● **Exercise requirements**
Within the records that follow, restate exactly the lines from the line with "Изображение товара Дверная" down to the line with "Professionel elektrisk friture", including both. Omit the pictures.

*** Information supplied Section Begins ***

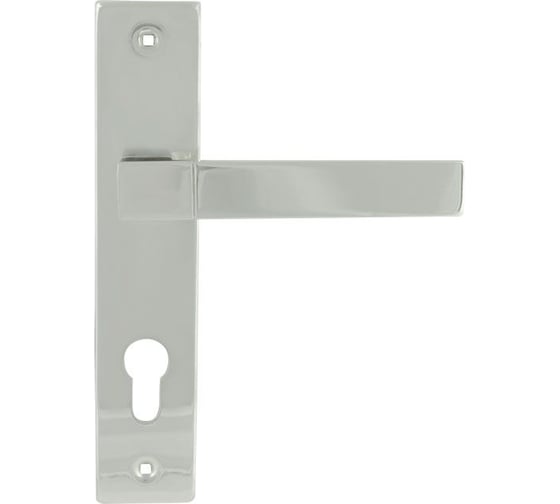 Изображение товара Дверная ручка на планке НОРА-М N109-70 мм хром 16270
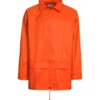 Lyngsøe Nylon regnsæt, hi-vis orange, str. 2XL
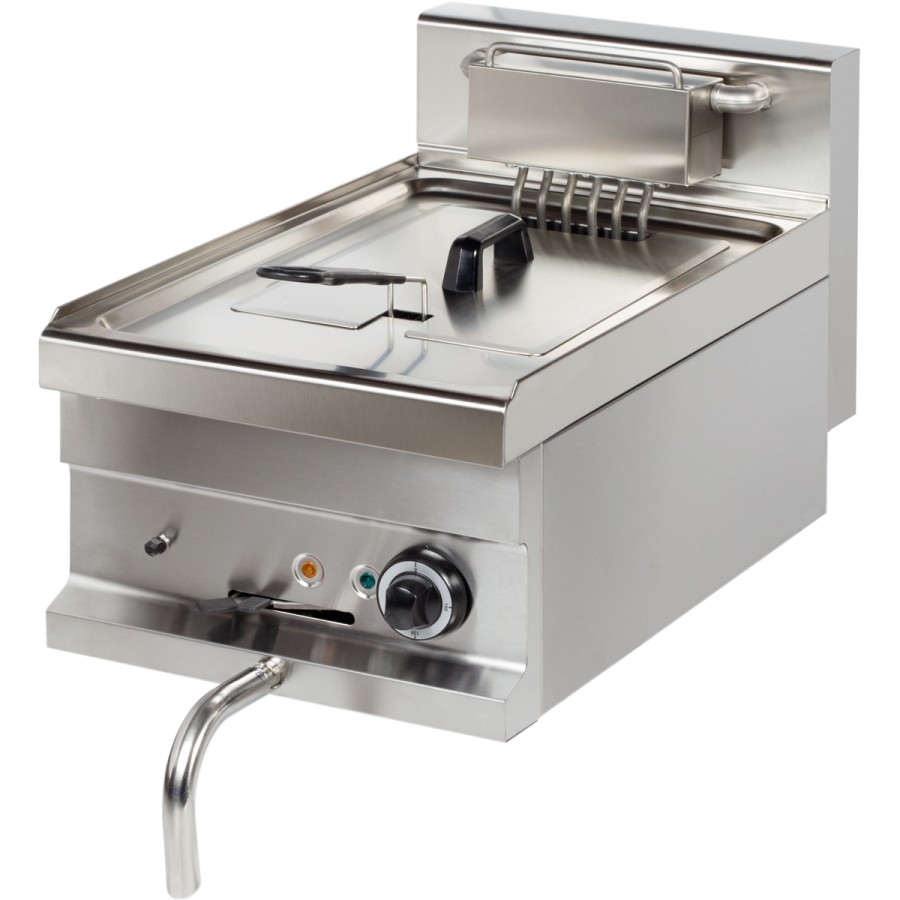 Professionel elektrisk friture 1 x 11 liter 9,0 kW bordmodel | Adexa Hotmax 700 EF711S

*** Information supplied Section Ends ***
*** Information supplied Section Begins ***

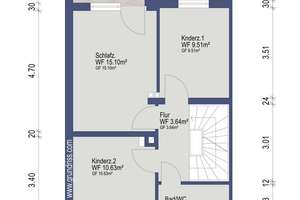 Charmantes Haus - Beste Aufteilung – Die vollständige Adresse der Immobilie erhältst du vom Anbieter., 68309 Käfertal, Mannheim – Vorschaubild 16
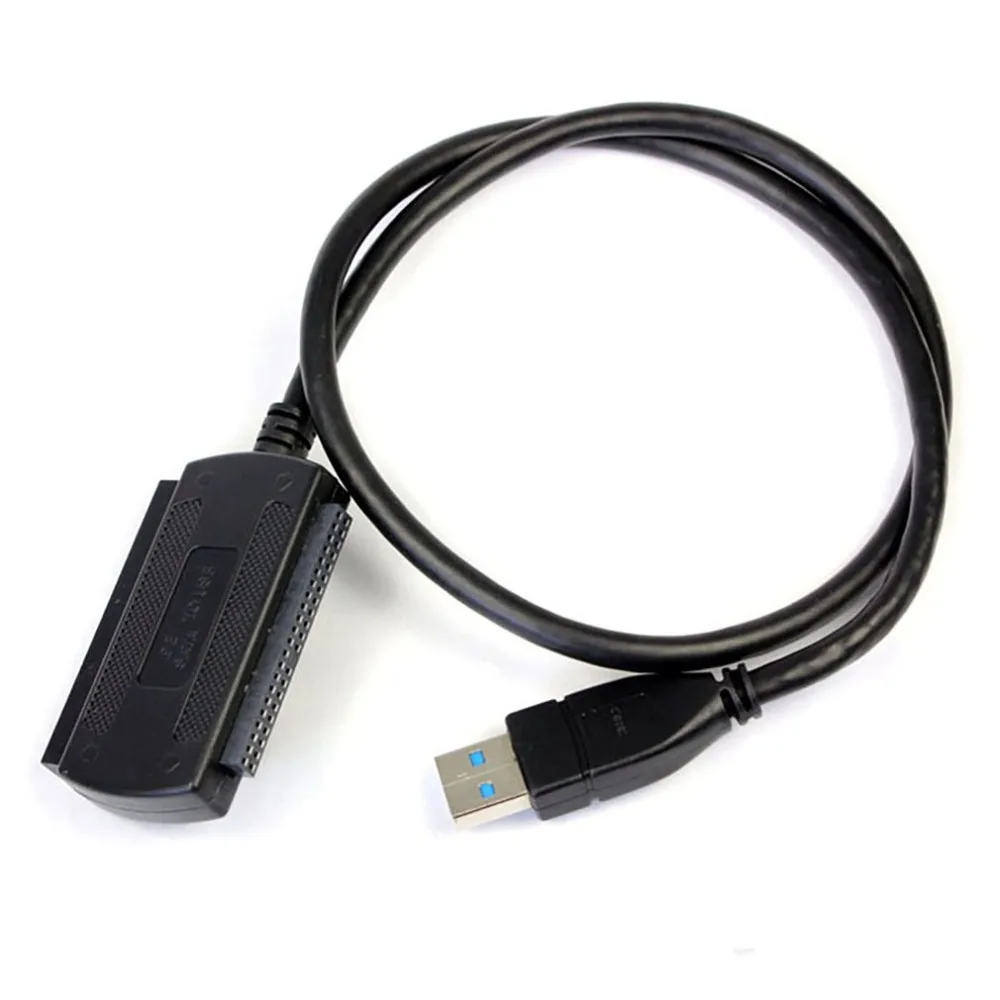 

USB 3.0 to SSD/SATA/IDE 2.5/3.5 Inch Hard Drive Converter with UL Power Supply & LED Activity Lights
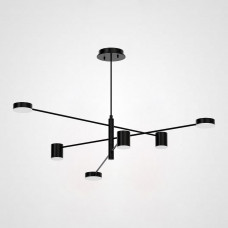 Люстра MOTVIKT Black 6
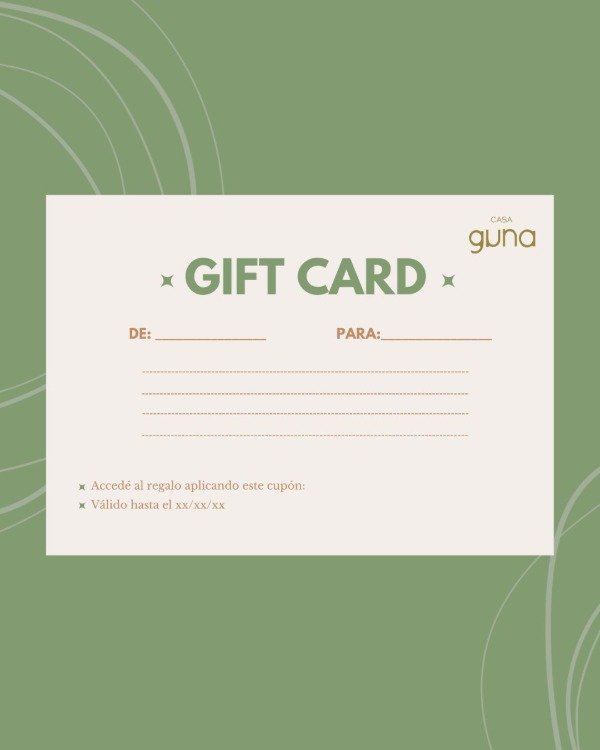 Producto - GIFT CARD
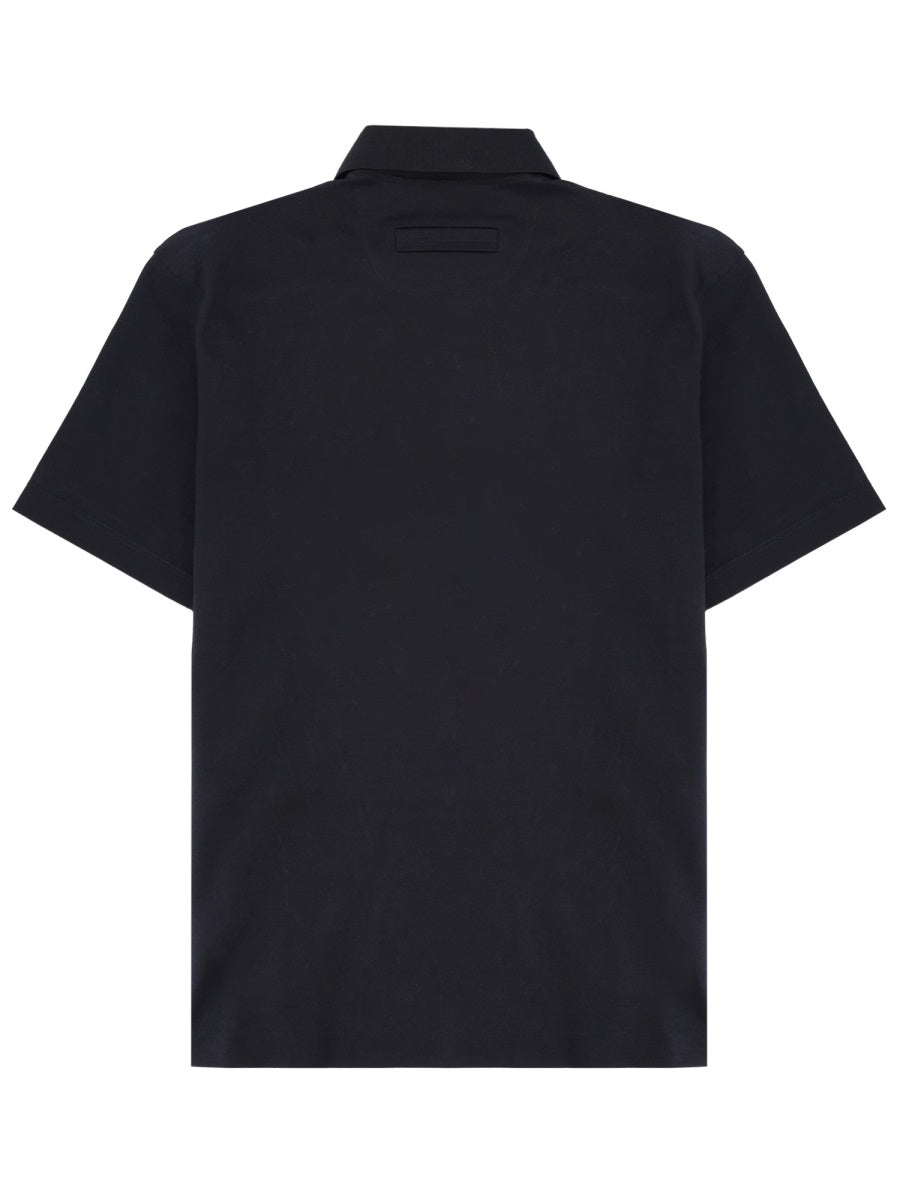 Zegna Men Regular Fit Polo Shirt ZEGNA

*** Information supplied Section Ends ***
*** Information supplied Section Begins ***

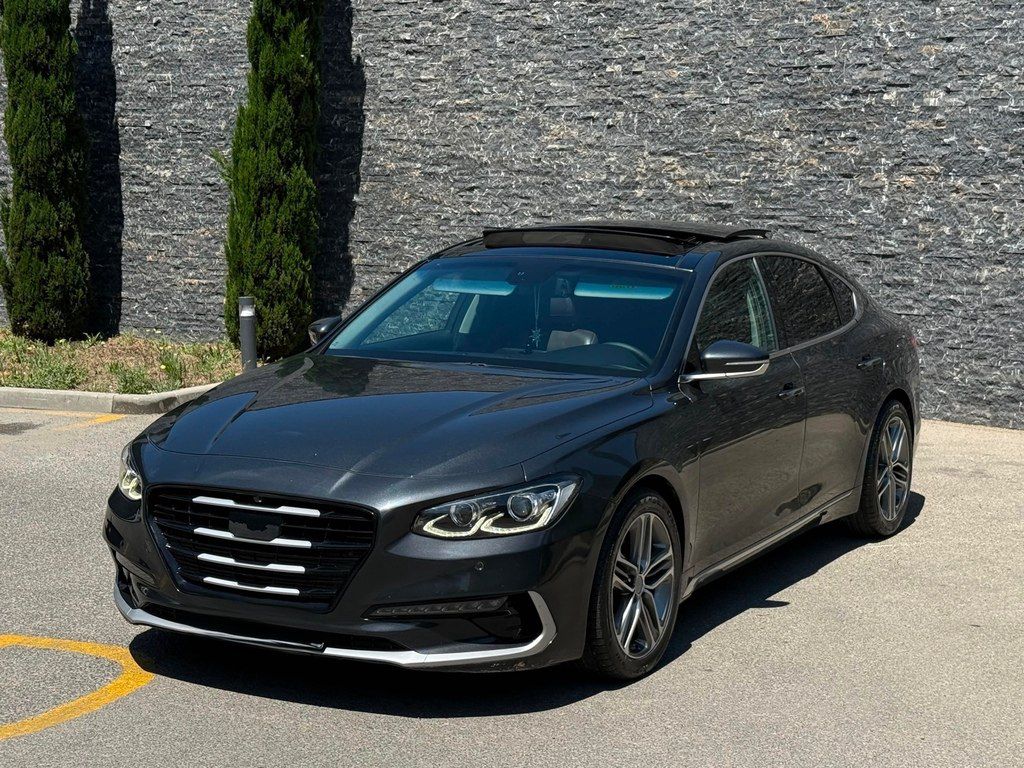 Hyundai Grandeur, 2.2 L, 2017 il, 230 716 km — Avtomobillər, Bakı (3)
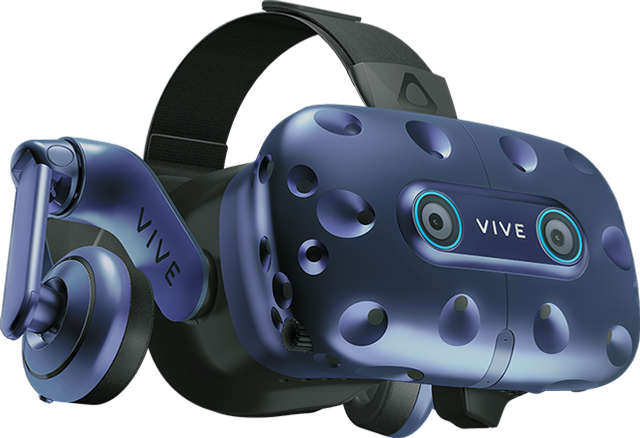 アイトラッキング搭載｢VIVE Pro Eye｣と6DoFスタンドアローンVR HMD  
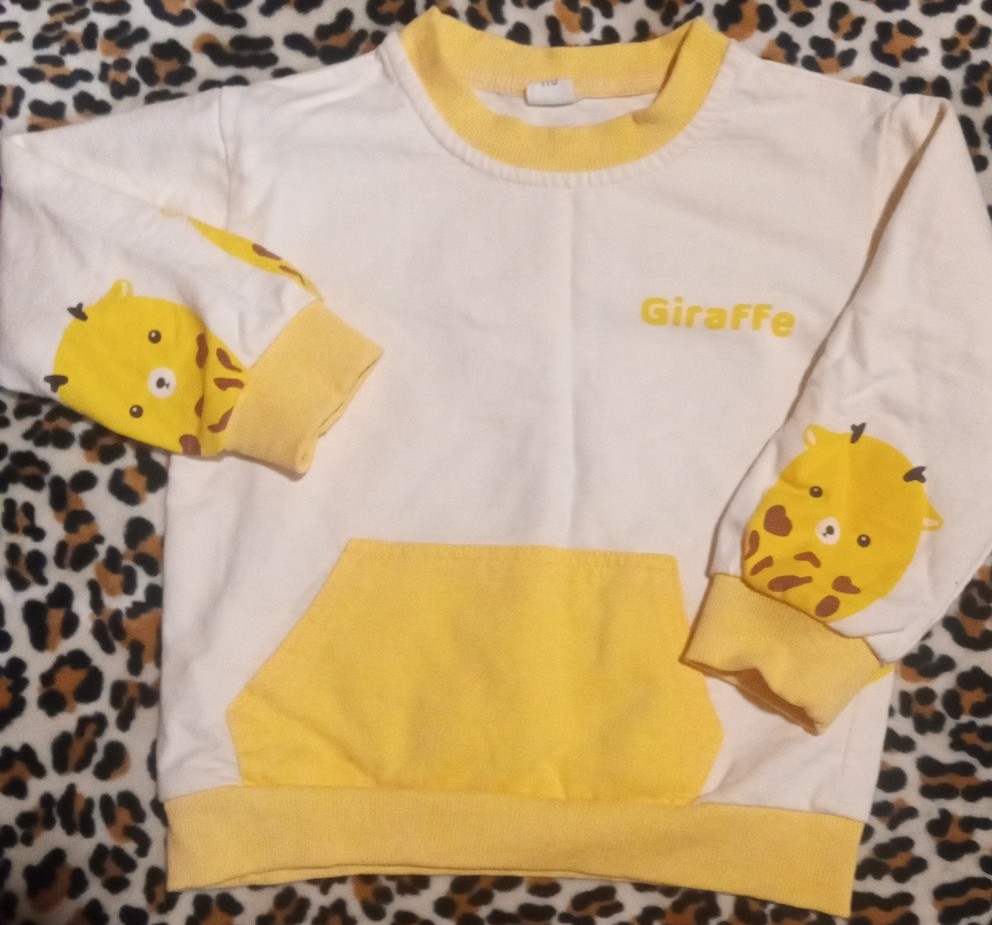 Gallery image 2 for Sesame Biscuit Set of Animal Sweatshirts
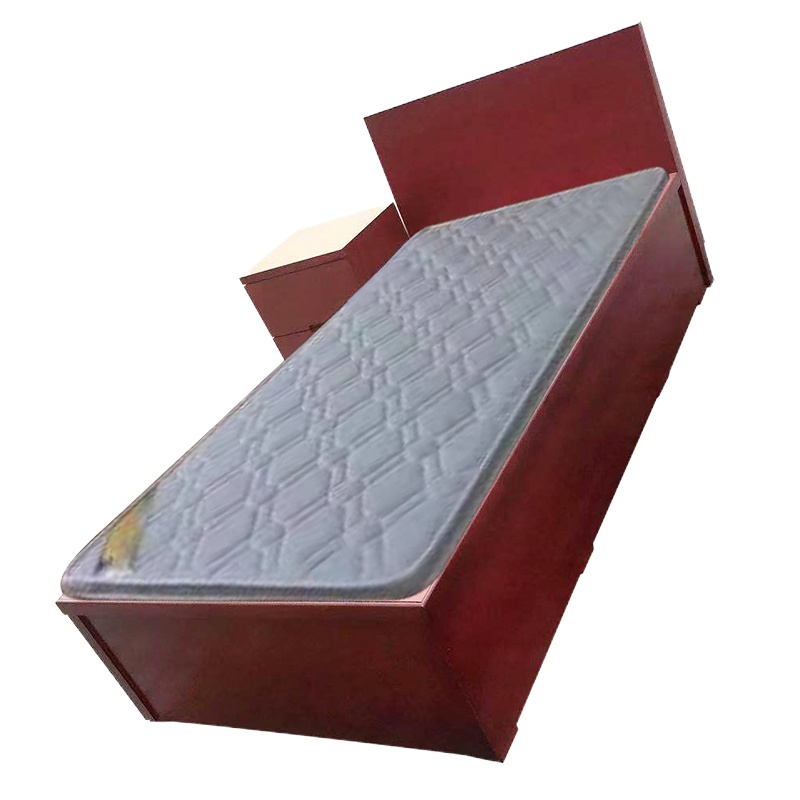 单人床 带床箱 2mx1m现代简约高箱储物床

*** Information supplied Section Ends ***

● **Finished task**
 Изображение товара Дверная ручка на планке НОРА-М N109-70 мм хром 16270
 Lyngsøe Nylon regnsæt, hi-vis orange, str. 2XL
 Professionel elektrisk friture 1 x 11 liter 9,0 kW bordmodel | Adexa Hotmax 700 EF711S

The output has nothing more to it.